VATICAN - « LES PIERRES, LES SONS, LES COULEURS DE LA MAISON DE DIEU » par S. Exc. Mgr Mauro Piacenza - Les principes inspirateurs pour la construction d’églises et d’endroits pour la célébration et l’adoration de l’Eucharistie (II)

mardi, 24 octobre 2006

Rome (Agence Fides) - Les critères retenus pour la construction d’une église se fondent sur la nature de l’habitat cultuel. Il s’agit d’un lieu complexe et organique, symbolique et iconographique qui s’offre aux « Christifideles » convoquées en assemblée sainte pour la célébration des Saints Mystères. C’est donc un lieu communautaire, mystagogique, eschatologique. Quand on veut construire une église, deux choses comptent : le respect de la mémoire pour l’inculturation dans la Tradition, le respect de la liturgie pour l’inculturation dans les rites (les orandi, lex credendi).
La construction d’une église a comme principes des critères déterminés de composition. Ils doivent être compris par les bénéficiaires, afin de saisir le nœud du récit, pour y participer de manière plus intime, en se laissant ainsi saisir par le Divin. L’architecture cultuelle n’invente pas le schéma des structures qu’elle élabore avec un génie créatif, car cela ressort des exigences rituelles. Mais elle doit donner de la beauté à tout l’ensemble pour conférer à l’action liturgique le caractère sacré nécessaire grâce auquel on peut faire l’expérience du Divin ineffable.

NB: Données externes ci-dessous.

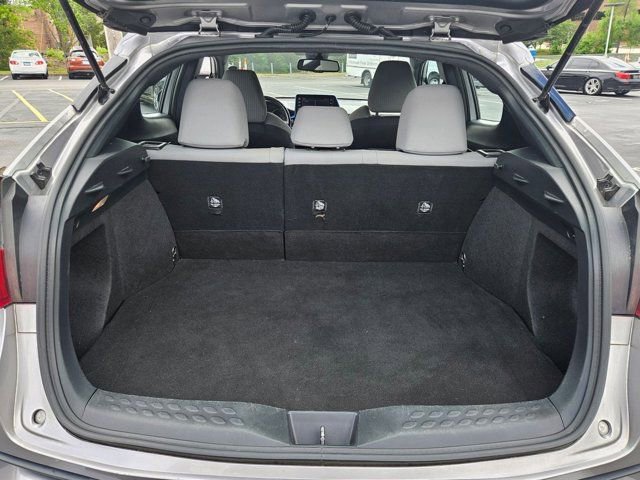Used 2019 Toyota C-HR XLE FWD image 21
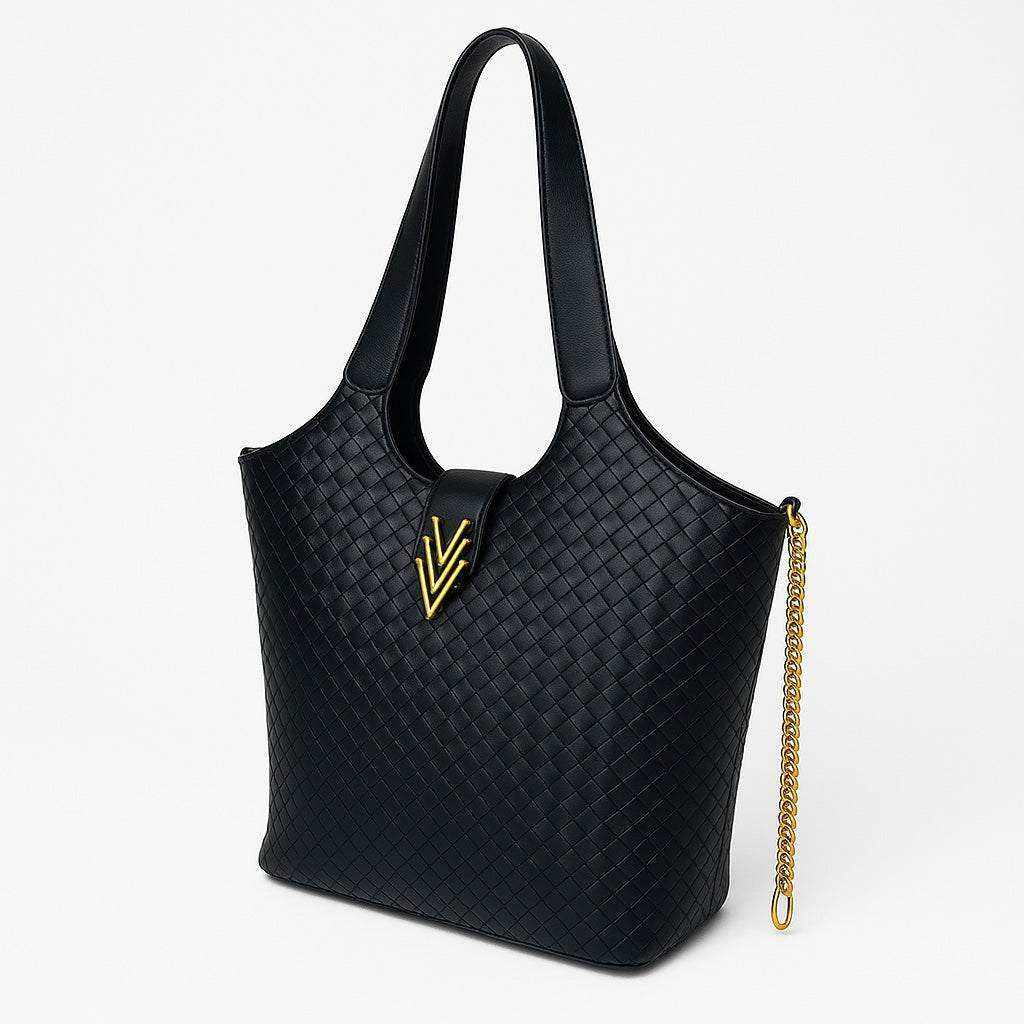 Large Tote Bags Stylish, Spacious, and Durable Totes for Work, Travel, and Everyday Use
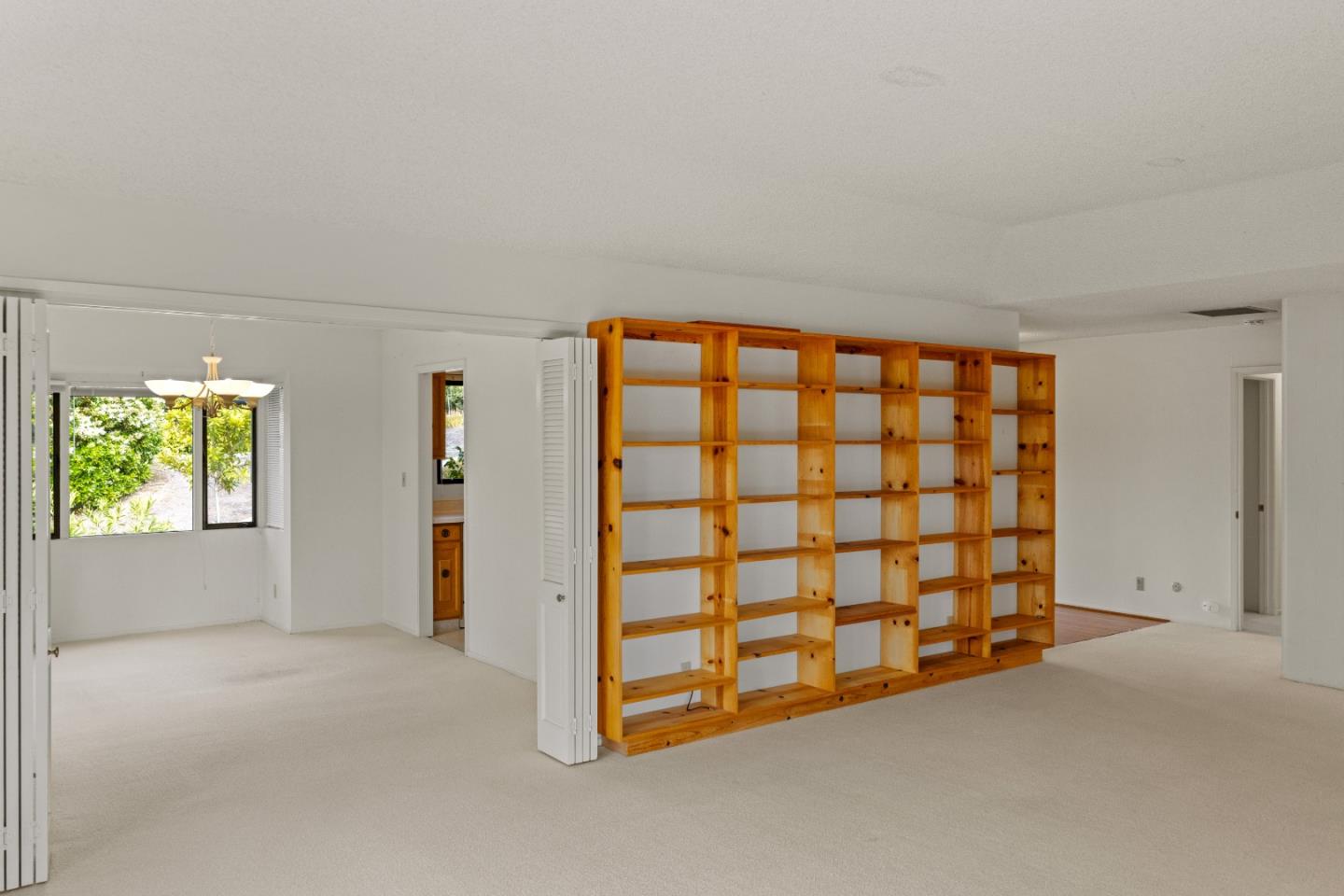 Detail Gallery Image 12 of 36 For 254 Del Mesa, Carmel,  CA 93923 - 2 Beds | 2 Baths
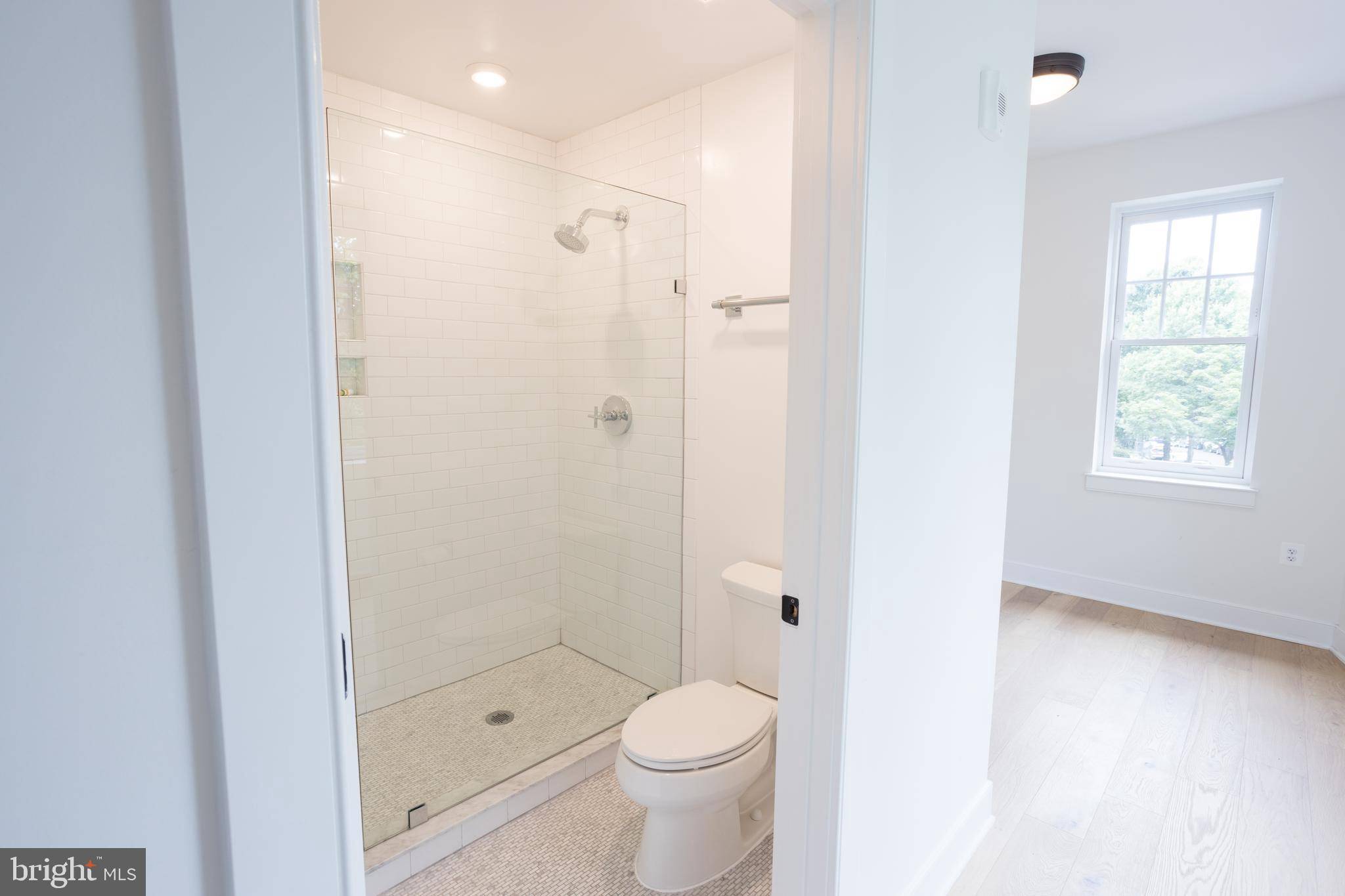 Washington, DC 20008,2869 28TH NW #2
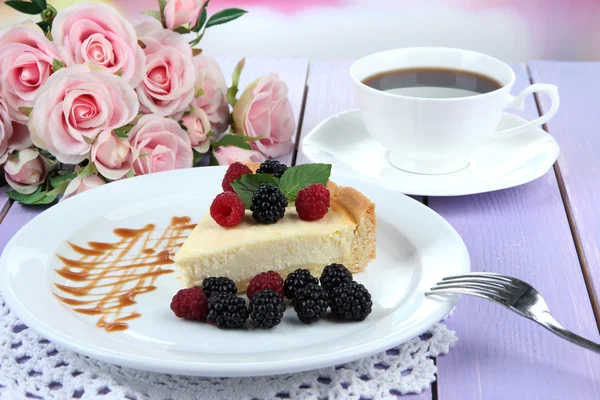 Bit av cheesecake med hallon och björnbär på plattan, ljus bakgrund — Stockfoto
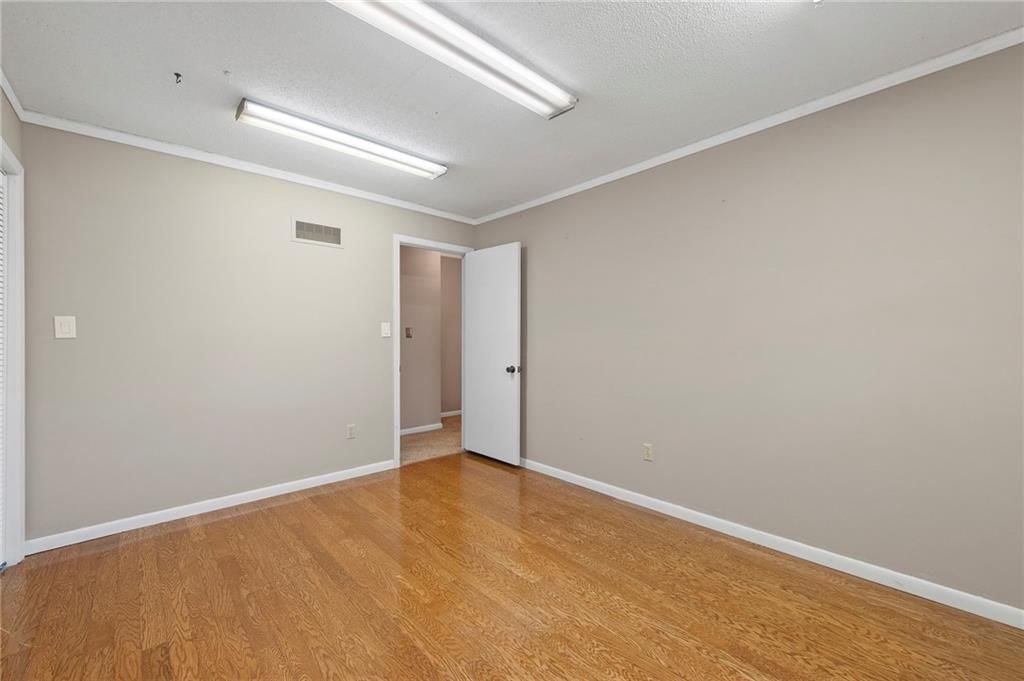 10061 Hardy Street — photo 30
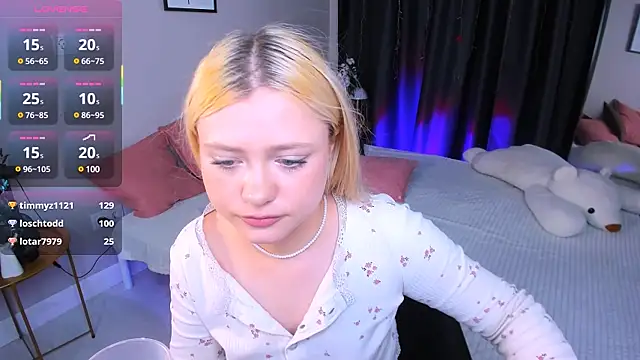 Millie_Vanillie webcam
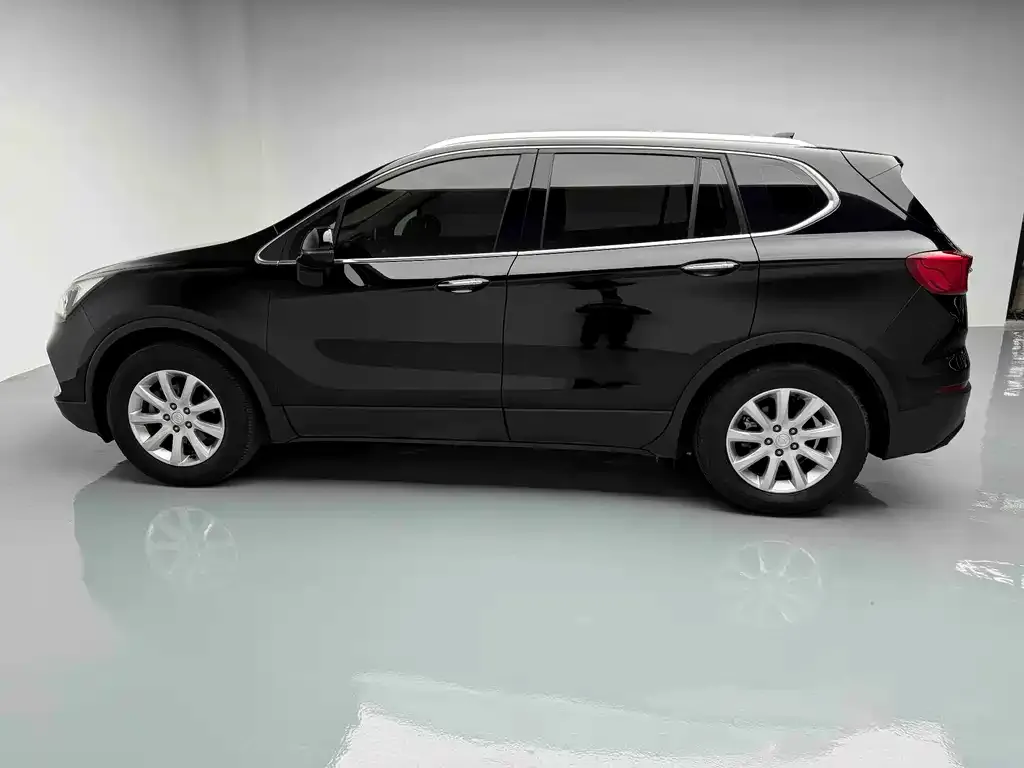 Buick Envision Plus — фото 2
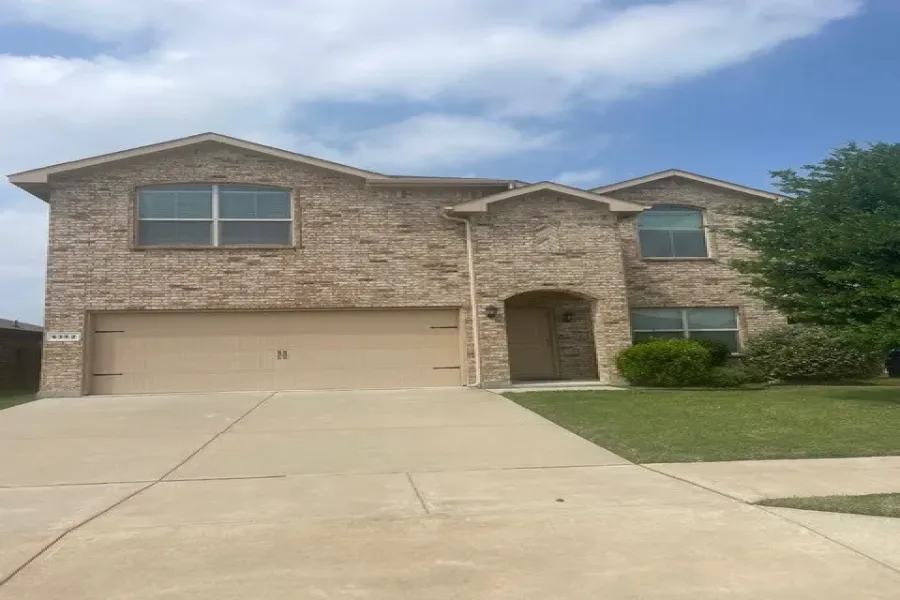 Single Family Residence For Sale in Tarrant County , 6352 Porthole Lane, Fort Worth, Texas 76179, 4 Bedrooms, 3 Bathrooms, 2 Garage spaces, 2,508 Sqft, built in 2018, Preowned, Price $370,000, mls#21252637, Real Estate Agent in Fort Worth, Homes For Sale in Tarrant county, Homes For Sale in Fort Worth, Realtor in Fort Worth Texas, Real Estate Brokerage Independent Realty Texas, Luminita Cordes Realtor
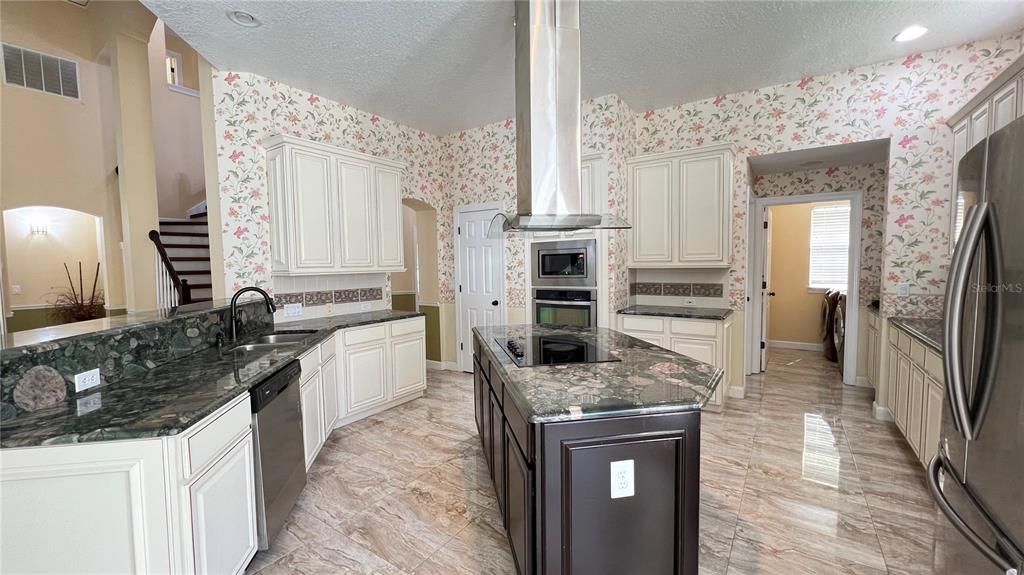 For Sale: $1,349,000 (4 beds, 3 baths, 3007 Square Feet)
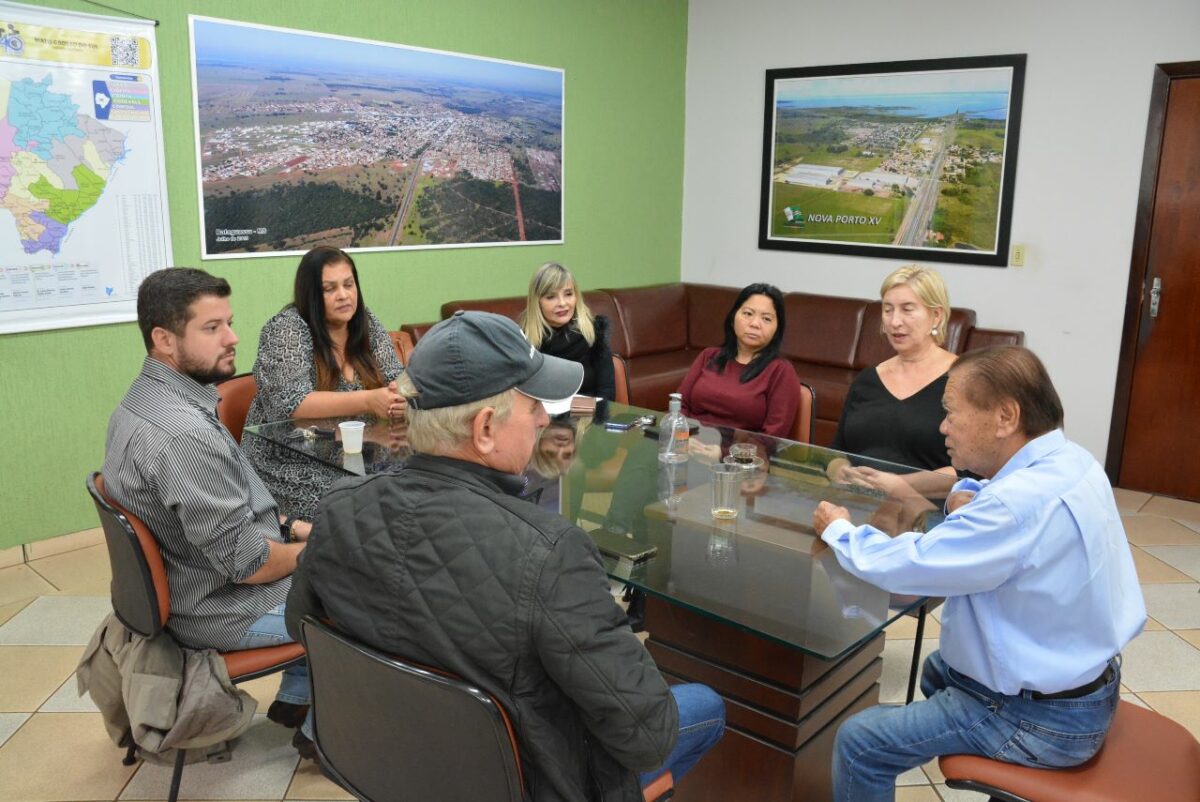 <strong>Em reunião, Akira e diretora da Agehab-MS e debatem sobre sequência do Programa Lote Urbanizado em Bataguassu</strong> <strong>Em reunião, Akira e diretora da Agehab-MS e debatem sobre sequência do Programa Lote Urbanizado em Bataguassu</strong>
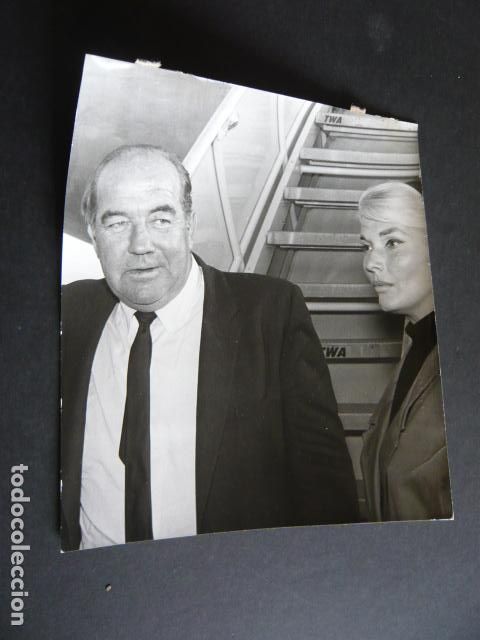 Kino: BRODERICK CRAWFORD ACTOR EN MADRID ANTIGUA FOTOGRAFIA ORIGINAL 18 X 16 CM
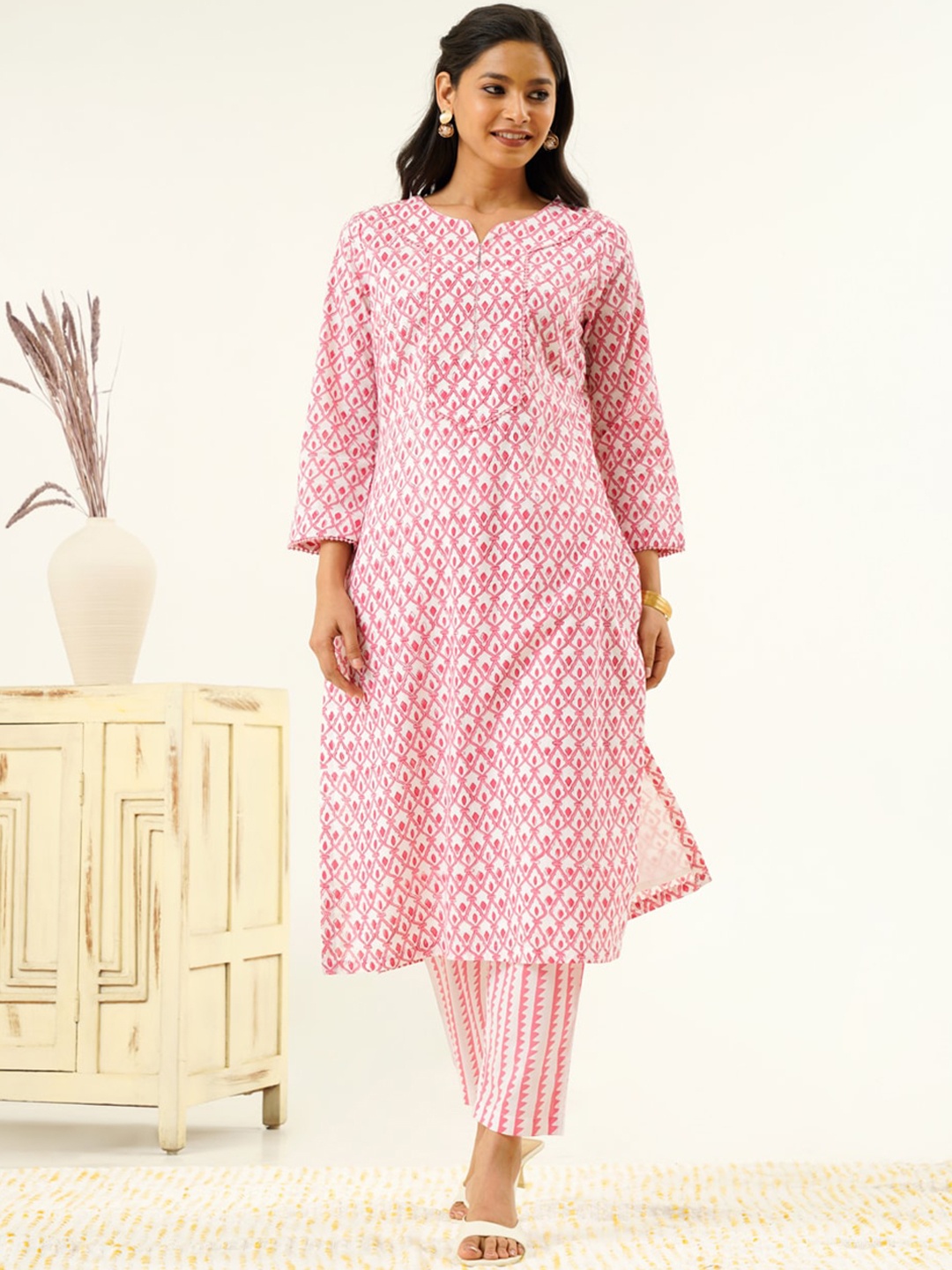 

indy Raaga Geometric Printed Cotton Straigth Kurta, Pink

L’église doit avoir un espace bien caractéristique, à l’extérieur et à l’intérieur. La coordination architecturale : un système narratif cohérent et compréhensible donne un aspect à l’espace destiné au sacré en un programme iconographique unitaire. Il se réalise en réunissant dans le projet d’architecture, la décoration, la peinture, la sculpture, les vitraux, l’ameublement, les ornements, les objets sacrés, les lumières, les sons. L’ensemble de ces éléments structure une entité organique vivifiée par l’action liturgique. On en vient ainsi à créer un univers ordonné au culte où se réunit la communauté.
Chaque élément devient partie intégrante d’un « installation » unique qui trouve son point central dans l’autel. Cette « installation » peut être soumise à des changements. Habituellement, elle change selon les temps liturgiques et les cérémonies célébrées. L’espace doit être alors structuré de manière à ce que l’on puisse prévoir des cérémonies occasionnelles, des jeux de lumière, des processions. Le style, toujours et de toute façon, doit aider les fidèles au recueillement religieux. L’idéologie spatiale : L’espace intérieur doit assurer la participation active des fidèles. Il faut donc que les éléments rituels soient visibles et compréhensibles, que les fidèles puissent rester assis, ou se déplacer en procession, que la structure, par ses dimensions, soit adaptée aux exigences rituelles et au nombre des participants. En outre, à l’intérieur, on doit créer un climat de recueillement dans la participation ; c’est pourquoi il est important que le système d’éclairage, la diffusion des sons, la climatisation mettent les fidèles à l’aise.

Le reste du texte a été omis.